When does carbon fee and dividend become meaningless?

As of yesterday, I would suggest that the possibilities of enacting carbon fee and dividend legislation in the next 4 years is very close to zero. Given the nature of the Republican party as the party of Trump, I cannot imagine any MOC or Senator that would risk his/her political future under a Trump administration to support anything resembling a diminishment of fossil fuel production. At best, there may be a small tweak of border adjustments, as Europe and maybe others may impose carbon taxes on our exports. But at best, this is small game.

In the middle of this decade, the ability of carbon fee and dividend to substantially alter the path to global warming, or, more importantly the ability of a carbon fee and dividend to affect the outcomes after 2029, is suspect. The horse has left the barn, so to speak, for modest actions. Almost all of the current data has most nations way behind in meeting their modest commitments for CO2 reductions. Meeting a 1.1 C limit to world temperatures seems impossible. 2 C might also be impossible. This isn’t good. Bringing carbon fee and dividend to the fore in 2029 as a meaningful climate action seems almost quaint at this point. This was the decade to make significant course changes, at a lesser cost. It appears this decade is going to be lost, at least in the United States. Insofar as the US could have been a world leader in climate action, this election will have repercussions for decades to come. And not only are we unlikely to make progress over the next 4 years, there is every promise that any advances we made in the last 4 years will be rolled back.

My question is at what point will carbon fee and dividend be ineffective as a measure to reduce CO2 emissions? At what point will we as a world society be pushed to stronger and more aggressive measures, such as banning fossil fuel drilling, banning ICE cars, ban natural gas stoves, perhaps even getting the World Court to add environmental crimes to the list of Crimes Against Humanity? If we get Carbon Fee and Dividend passed and enacted in 2029 (fast track) and rammed through with an accelerated program (unlikely), will it matter?

Pointedly, what is the year (modeled) at which point carbon fee and dividend will not be the potent agent for controlling carbon emissions that it is today?

17 Replies

@Ira Beckerman Carbon pricing will always be the most potent measure for curbing greenhouse gas emissions. (Dividends make carbon pricing fairer and politically more popular.) Of course carbon pricing can't work if it's not enacted, but that's true of all the other measures you mention.

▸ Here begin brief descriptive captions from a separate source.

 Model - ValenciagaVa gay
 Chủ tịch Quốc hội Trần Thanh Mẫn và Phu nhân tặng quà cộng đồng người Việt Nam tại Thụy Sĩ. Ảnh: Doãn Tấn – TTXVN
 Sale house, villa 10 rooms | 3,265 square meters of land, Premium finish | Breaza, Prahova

The second Trump administration is not about to ban fossil fuel drilling, nor is any other jurisdiction for that matter. In the interim, our best bet may be continued subsidies for clean technology, since much of the money has been going to Red states. A number of Republican legislators oppose repeal of the Inflation Reduction Act. But I'm sure we'll hear from Rachel on what policy opportunities exist going forward in today's political environment.

Hi @Ira Beckerman. I agree with what @Jonathan Marshall said above. There is no ‘too late’ because a carbon price will always be effective at reducing climate pollution, and every fraction of avoided global warming matters.

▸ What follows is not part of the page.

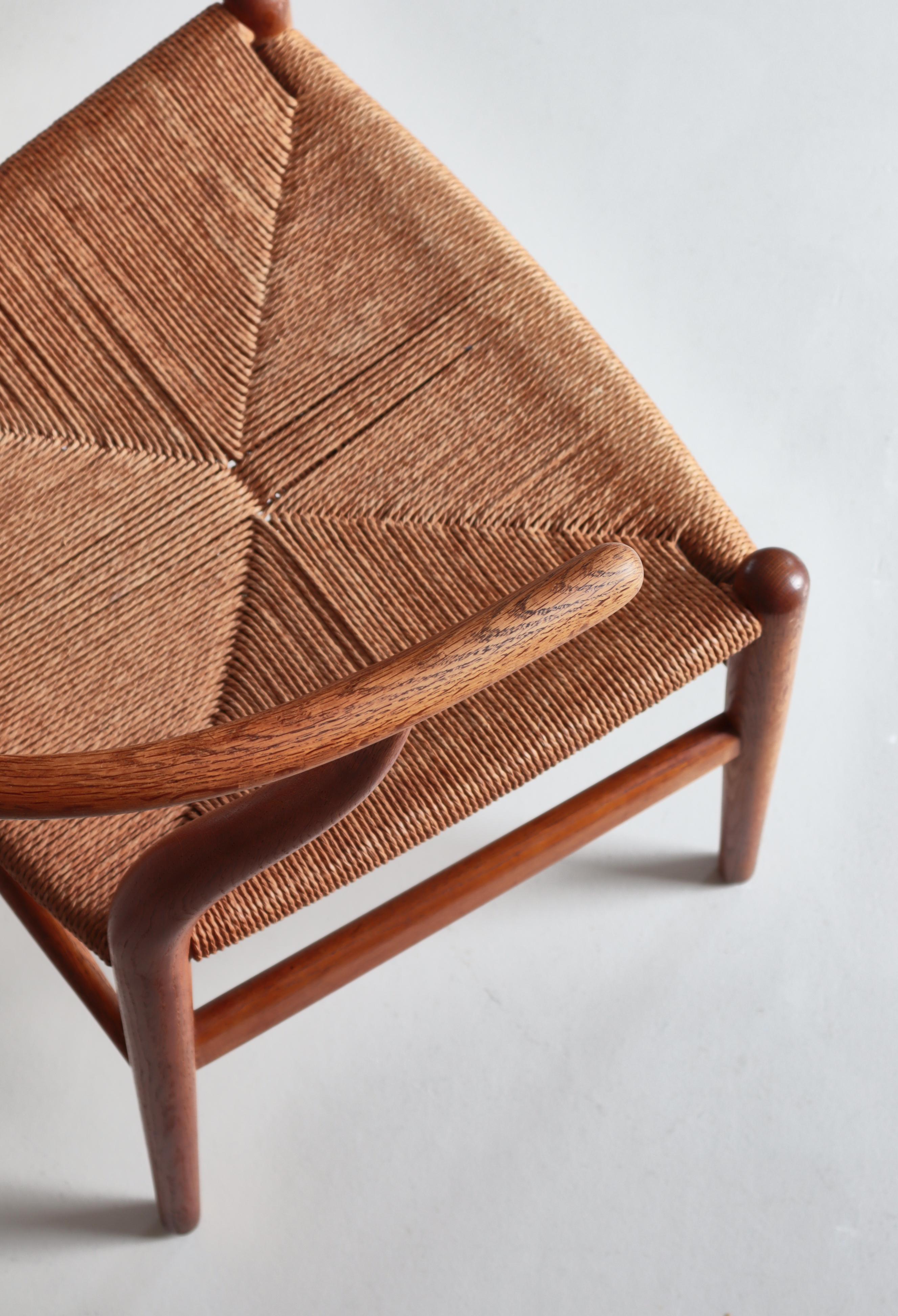 Sedia Hans J. Wegner con timbro Carl Hansen & Son CH-24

CCL will continue to do everything we can to reduce emissions and avoid as much warming as possible. The election results make that more difficult than other outcomes would have, but there are still opportunities, and we at CCL know how to lobby members of Congress from across the political spectrum. We're the best positioned organization to operate in the coming political climate, and we're going to get to work doing it.

Senator Cassidy has already talked about implementing a carbon tariff next year, for example. Permitting reform remains a viable policy, as do healthy forest solutions in a Farm Bill that is now more likely to be finally get done in 2025. We'll also have to play some defense, to protect as many of the IRA's provisions as possible, for example. And a carbon price isn't completely out of the realm of the possible, if fiscally conservative Republicans decide they don't want to add trillions of dollars to the national debt as a result of tax cut extensions.

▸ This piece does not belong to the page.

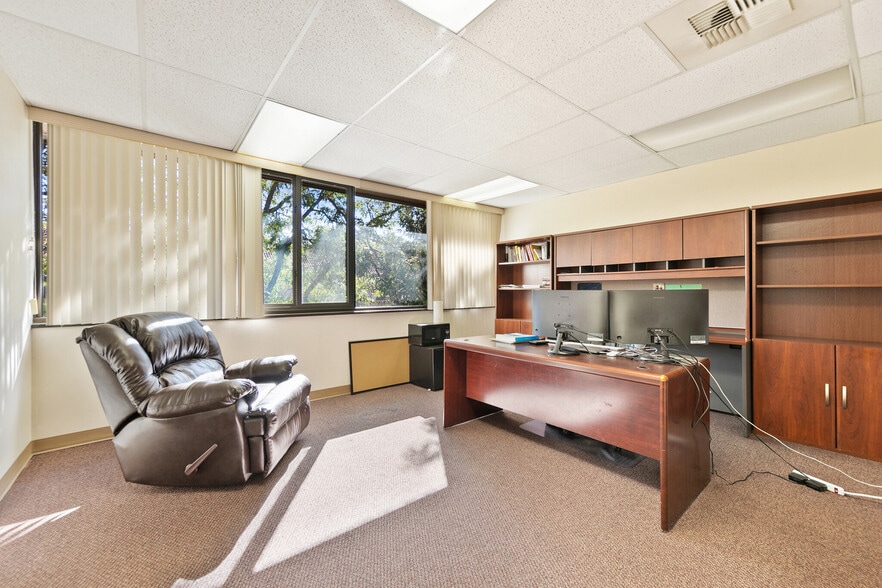 More Photos Of 11178 Huron St, Northglenn Office For Sale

Remember that action is the antidote to despair, every fraction of avoided warming matters, and it's never too late to improve our future world 🤓

@Dana Nuccitelli
Great points Dana. Carbon border adjustments, especially if done in concert with the EU, could have as much or more effect than domestic carbon pricing. There is also a lot of work to be done on research and implementation of carbon capture, especially by management measures for ocean and natural systems. Finally, although not widely popular, I think great research progress could be made on geoengineering, which we are going to need some of according to James Hansen. Time is of the essence on all these.

George Donart
152 Posts

@Ira Beckerman, We've obviously a tough road ahead. Most of the rest of the world is using and/or moving to carbon pricing. Being a laggard is not a useful option for the U.S. According to RMI, clean energy capex is rising and about to eclipse fossil capex which is falling at about the same rate. A carbon fee accelerates that divergence.

Constancy is my favorite virtue. So many people will go for a little while and get excited for a year or two, but it is really constancy that gets things done.
-- Marshall Saunders

George Donart
152 Posts

@Ira Beckerman
Recent 3 tiered global carbon pricing proposal from the director-general of the WTO:

Rob Johnson
179 Posts

@Ira Beckerman
It sounds like you are saying the green new deal is more likely to pass than the carbon fee in the next Congress. The party is libable to flip every election. We always have to live with that. But CCL is non-partisan.

Frans Kopp
59 Posts

@Robert Beggswith respect to geoengineering, especially release of sulfur dioxide into the atmosphere I have often recommended the novel Termination Shock by Neil Stephenson. While a novel, that plays out mostly in Texas, and moves to China, India and New Guinea, it shows the geopolitical risks of such measures, with unexpected changes in climate patterns globally. Even if one isn’t into the science of climate, it is a great read.

@Ira Beckerman things certainly feel grim on multiple fronts. I wonder though if there might be hope for a carbon fee if Elon Musk is in the cabinet. Elon Musk introduces his new right-wing fans to a carbon tax; goes as well as you'd expect | Electrek


Angie - I was wondering the same thing. Although, we should all be reminded that these are the two loosest cannons on the planet, so it is hard to predict where this is going. Musk also likes money and winning, so he is certainly motivated to push EV initiatives within the White House. Would this extend to carbon fee and dividend, or would it end with the US military buying a zillion cyber trucks?
HA! The thought of a cyber truck military fleet gave me a good laugh. You're right though, there's no telling how Musk's EV commitment will play out here. We also know there's a ton of turnover in DJT's inner circle, so Musk might not last long enough to influence anything. These are wild times.
Lynda Marin
90 Posts

@Dana Nuccitelli
How does permitting reform remain a viable option in a drill baby drill context? Those analyses we were depending on didn't take into account a huge upswing in gas and oil production.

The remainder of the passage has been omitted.